Die deutschen Mensen erhöhen ihre Tierschutzstandards: Inzwischen haben 50% aller Studentenwerke auf Eier aus alternativen Haltungsformen umgestellt.
(firmenpresse) - Im Supermarkt gibt es sie nicht mehr, und auch weite Teile der Lebensmittelindustrie verzichten bereits: Käfigeier gelten als Inbegriff der Tierquälerei. Insbesondere junge und gebildete Menschen lehnen Käfigware ab. Dies erkennen auch die Studentenwerke, die für ihre Mensen immer häufiger zu Eiern aus alternativen Haltungsformen greifen.

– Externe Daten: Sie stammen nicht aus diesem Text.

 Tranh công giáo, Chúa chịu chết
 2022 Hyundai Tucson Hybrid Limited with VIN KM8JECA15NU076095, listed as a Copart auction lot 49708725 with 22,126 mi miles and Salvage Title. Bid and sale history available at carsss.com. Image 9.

Die Albert Schweitzer Stiftung für unsere Mitwelt begrüßt diese Entwicklung, zu der auch ihr Studentenprojekt "Initiative käfigfreie Mensa" beiträgt. Die Stiftung fördert studentisches Tierschutzengagement und berät Studierende, wie sie die Leitung ihrer Studentenwerke überzeugen können auf Eier aus Boden-, Freiland- oder Biohaltung umzusteigen. Wolfgang Schindler, Präsident der Stiftung, kommentiert: "Auch die alternativen Haltungsformen haben Mängel, aber immerhin wird den Tieren ein Leben in engen, strukturlosen Drahtgitterkäfigen erspart."
Die Albert Schweitzer Stiftung für unsere Mitwelt setzt sich seit zehn Jahren gegen die industrialisierte Massentierhaltung ein. Mehr erfahren Sie auf http://albert-schweitzer-stiftung.de sowie auf www.kaefigfreie-mensa.de.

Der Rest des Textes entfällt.